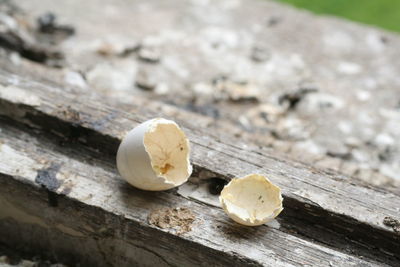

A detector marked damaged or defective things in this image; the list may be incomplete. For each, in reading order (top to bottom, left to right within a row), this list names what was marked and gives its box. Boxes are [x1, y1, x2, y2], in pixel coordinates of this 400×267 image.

splintered wood edge [0, 124, 382, 266]
splintered wood edge [0, 69, 398, 260]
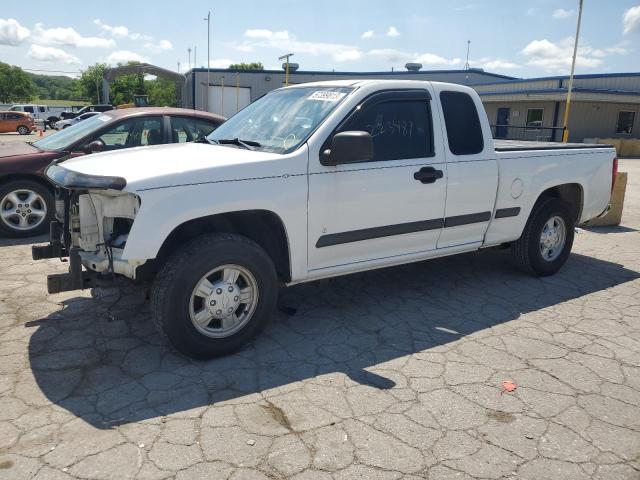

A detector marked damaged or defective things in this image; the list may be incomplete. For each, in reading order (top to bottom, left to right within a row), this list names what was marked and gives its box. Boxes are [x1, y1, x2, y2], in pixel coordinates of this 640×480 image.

damaged front end [32, 164, 144, 292]
cracked asphalt [1, 159, 640, 478]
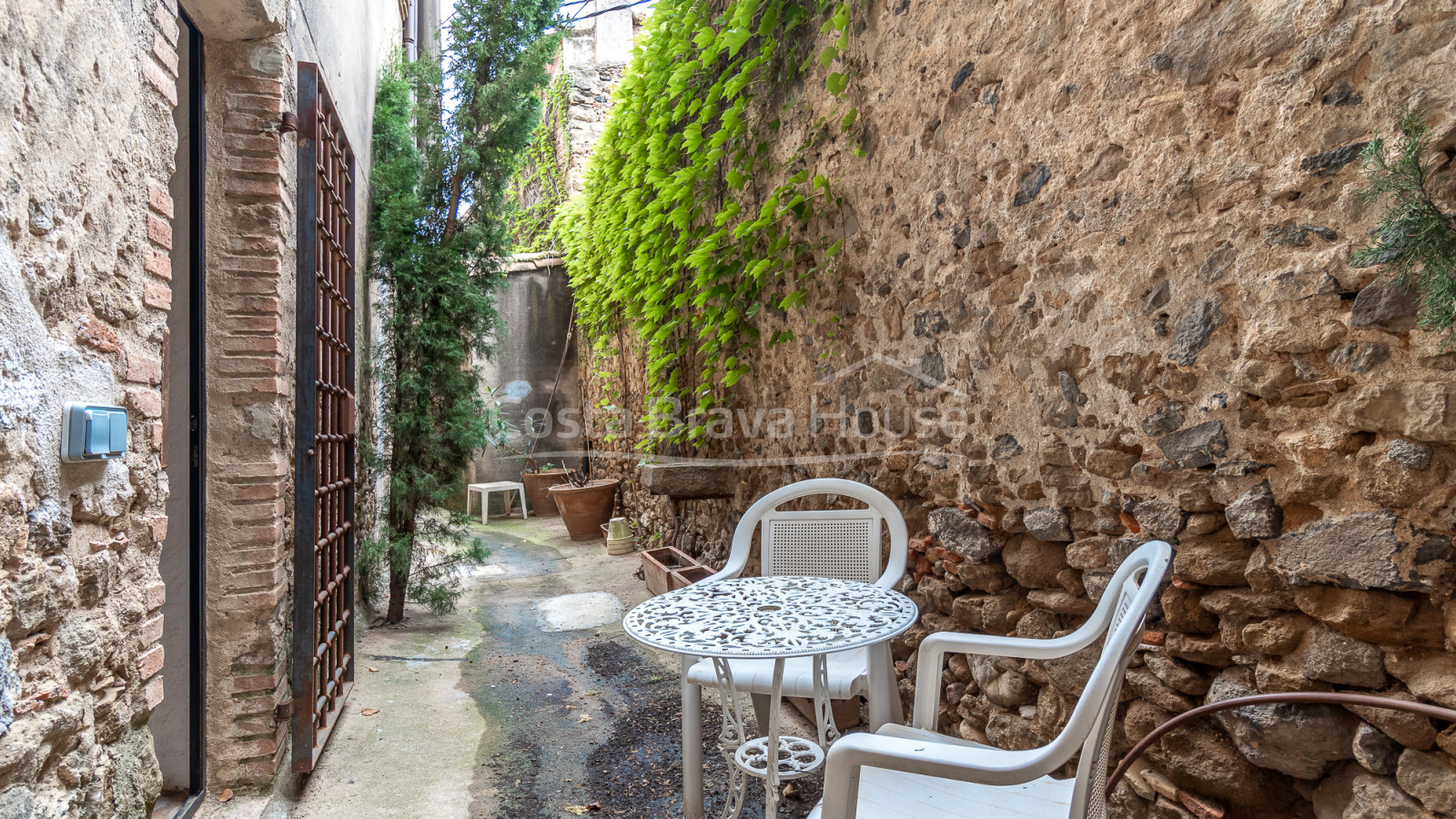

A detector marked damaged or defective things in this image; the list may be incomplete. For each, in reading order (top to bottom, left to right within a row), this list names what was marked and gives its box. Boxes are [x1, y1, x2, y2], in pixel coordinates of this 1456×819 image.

rusty iron gate [291, 64, 357, 769]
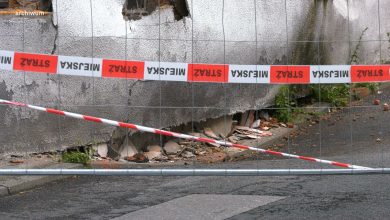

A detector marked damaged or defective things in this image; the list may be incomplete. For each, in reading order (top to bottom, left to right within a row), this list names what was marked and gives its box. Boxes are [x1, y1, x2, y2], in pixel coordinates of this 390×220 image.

damaged wall [0, 0, 388, 154]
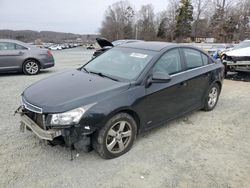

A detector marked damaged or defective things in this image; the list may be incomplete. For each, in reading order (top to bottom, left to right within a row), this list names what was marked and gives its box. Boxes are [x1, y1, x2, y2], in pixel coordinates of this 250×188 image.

crumpled hood [21, 69, 130, 112]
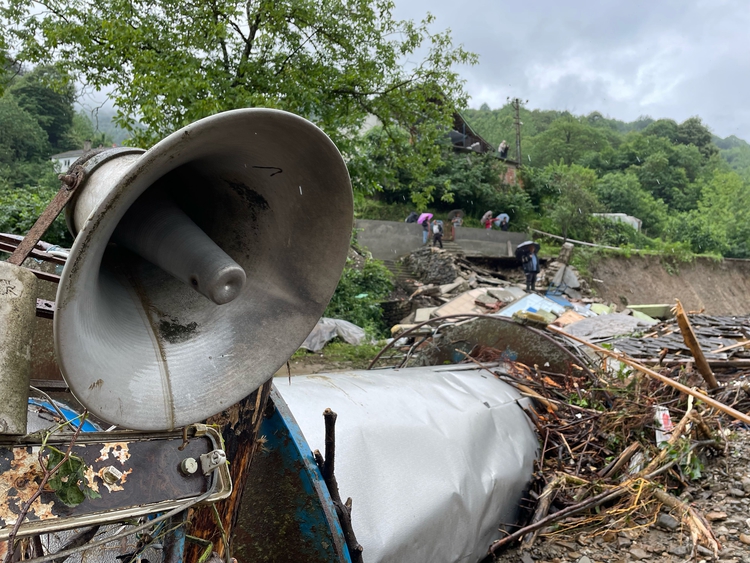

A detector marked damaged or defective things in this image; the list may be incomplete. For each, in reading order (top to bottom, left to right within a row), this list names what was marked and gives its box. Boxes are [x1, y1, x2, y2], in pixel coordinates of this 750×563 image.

rusted metal [35, 300, 55, 322]
rusted metal [370, 312, 592, 378]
____________________
• [ABOUT THIS TASK] Pictures stay out; reproduce exactly the lines from the one containing "this 640×480 image." through the last line of the listing, both included.

• [SOLUTION TO THE EXERCISE]
A detector marked damaged or defective things in this image; the list may be incomplete. For each, in reading order (top to bottom, left to right within a row), this list names what was marked and gives its box. Boxes are [x1, y1, x2, y2], in pixel coordinates of this 640×480 image.

damaged front end [32, 164, 144, 292]
cracked asphalt [1, 159, 640, 478]

A detector marked damaged or defective things in this image; the list may be incomplete. For each, in reading order (top to bottom, left to right within a row), this list names what was marked and gives its box. Boxes are [x1, y1, x2, y2], in pixel coordinates of this 1456×819 image.

rusty iron gate [291, 64, 357, 769]

A detector marked damaged or defective things in this image; the list may be incomplete. For each, in reading order (top to bottom, left to right within a row), this list names what was marked and gives its box. Boxes are [x1, y1, x2, y2], in pixel coordinates of this 390×220 image.

damaged wall [0, 0, 388, 154]

A detector marked damaged or defective things in this image; the list may be incomplete. For each, in reading order (top to bottom, left to right within a row), this list names what was marked and gives its box. Boxes are [x1, y1, x2, y2], in pixel coordinates of this 250×188 image.

crumpled hood [21, 69, 130, 112]

A detector marked damaged or defective things in this image; the list may be incomplete. For each, in reading order (top to bottom, left to right within a row), this list names what was marked and gives its box. Boxes are [x1, y1, x2, y2], in pixel coordinates of this 750×563 image.

rusted metal [35, 300, 55, 322]
rusted metal [370, 312, 592, 378]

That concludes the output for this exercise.